**Task to complete:** What you return should be the lines from the one with "Smoke western let" through the one with "Mork and Mindy Merchandise" in the data below, reproduced exactly with both ends, and no pictures at all.

*** Source data

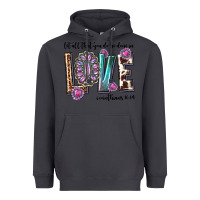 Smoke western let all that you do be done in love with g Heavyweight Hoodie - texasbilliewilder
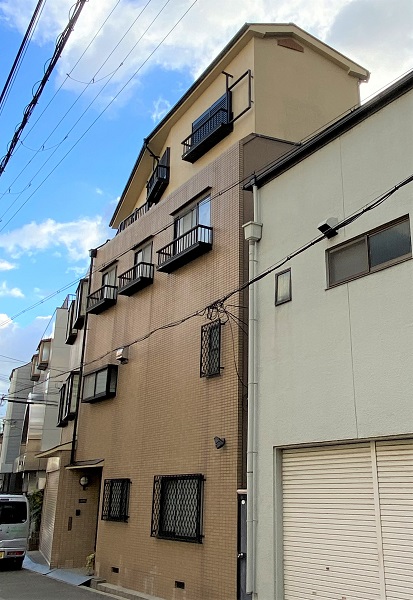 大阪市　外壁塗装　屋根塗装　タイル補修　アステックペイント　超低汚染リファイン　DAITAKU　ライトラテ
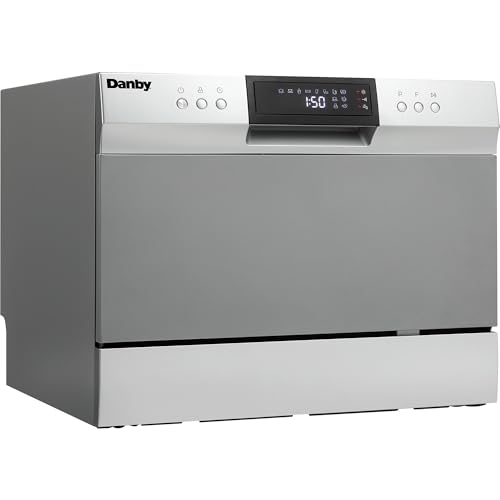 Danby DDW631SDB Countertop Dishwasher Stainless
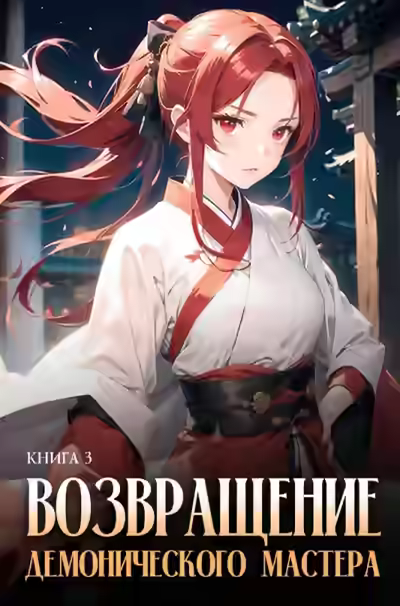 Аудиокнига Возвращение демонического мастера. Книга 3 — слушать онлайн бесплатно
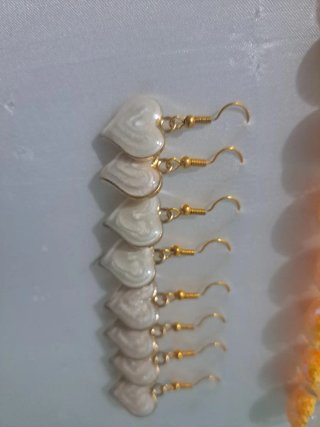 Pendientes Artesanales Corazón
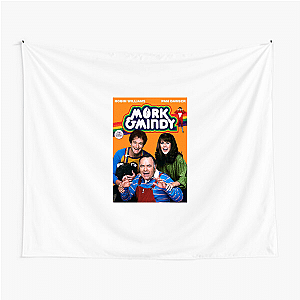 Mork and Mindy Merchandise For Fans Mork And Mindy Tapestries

******
*** Source data

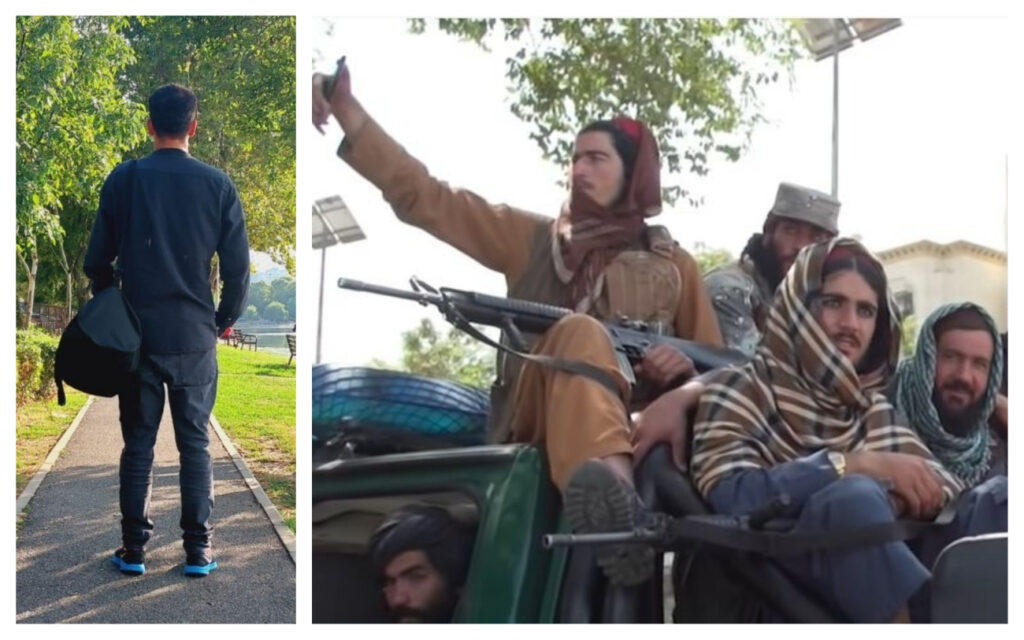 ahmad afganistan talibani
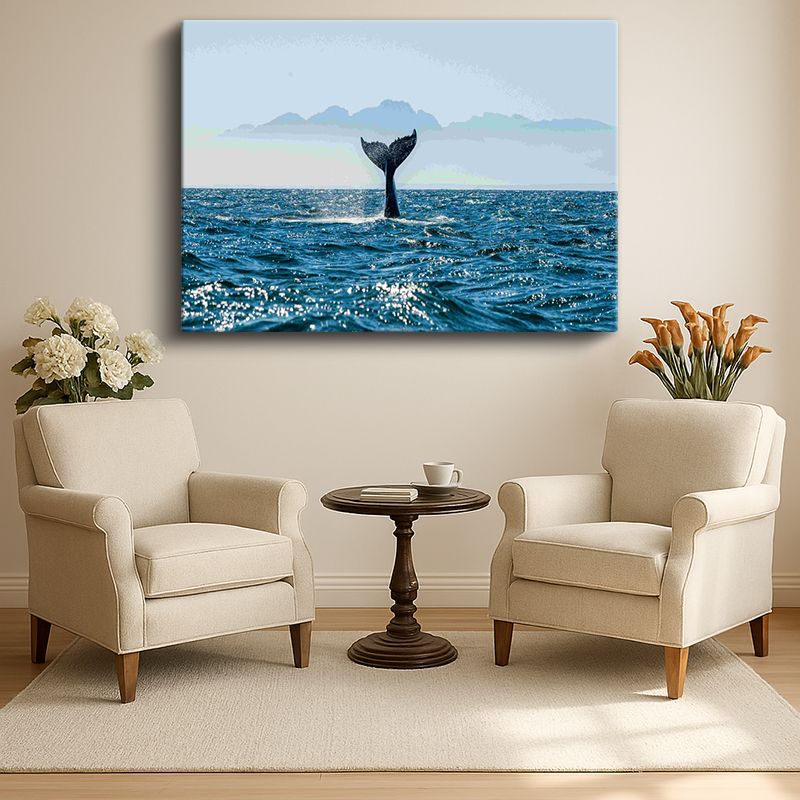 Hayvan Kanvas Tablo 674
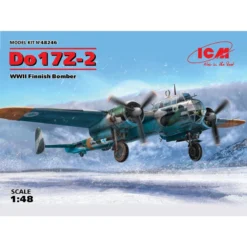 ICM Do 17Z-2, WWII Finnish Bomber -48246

******
*** Source data

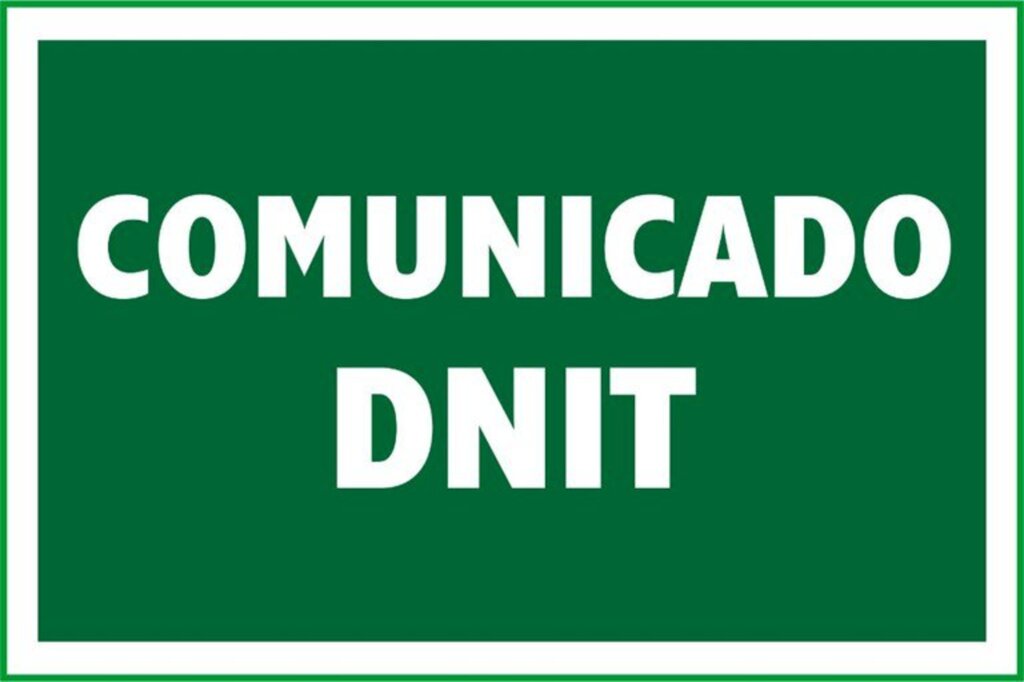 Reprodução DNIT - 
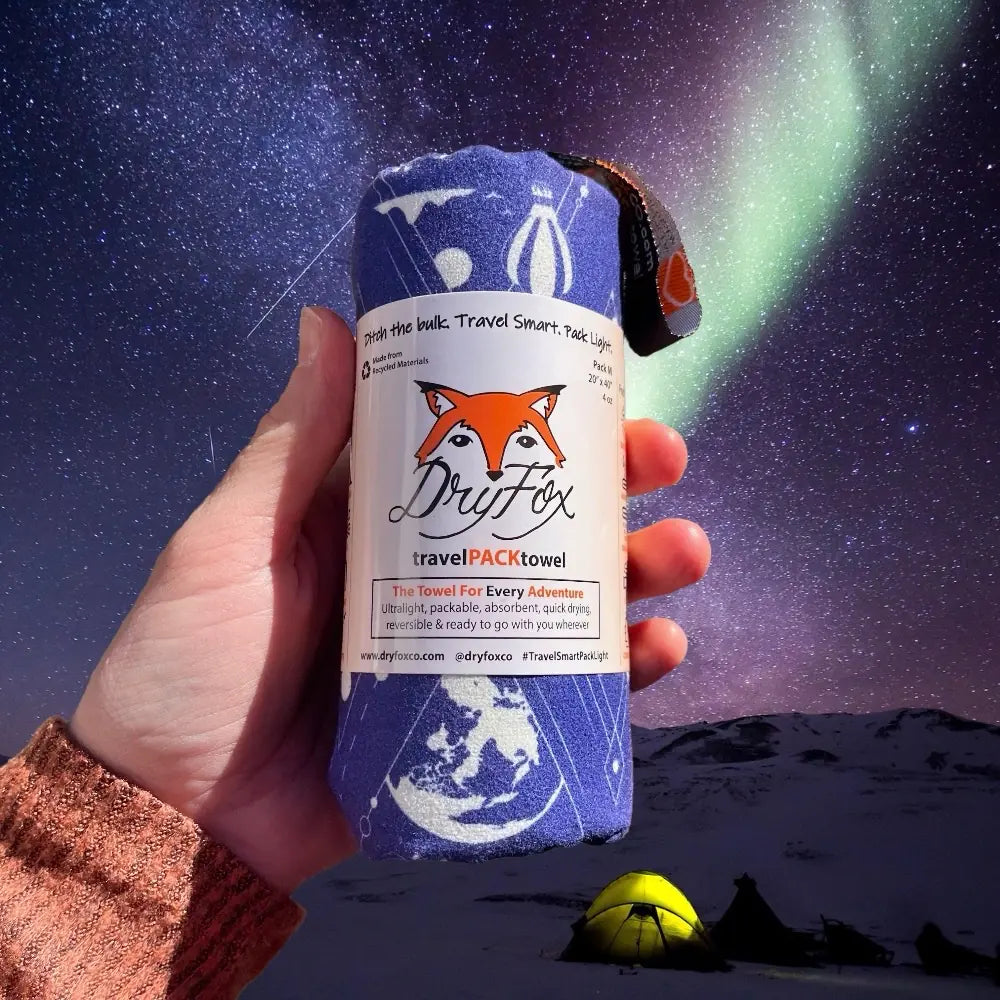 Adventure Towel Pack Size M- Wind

******

**Task answer:**
 Smoke western let all that you do be done in love with g Heavyweight Hoodie - texasbilliewilder
 大阪市　外壁塗装　屋根塗装　タイル補修　アステックペイント　超低汚染リファイン　DAITAKU　ライトラテ
 Danby DDW631SDB Countertop Dishwasher Stainless
 Аудиокнига Возвращение демонического мастера. Книга 3 — слушать онлайн бесплатно
 Pendientes Artesanales Corazón
 Mork and Mindy Merchandise For Fans Mork And Mindy Tapestries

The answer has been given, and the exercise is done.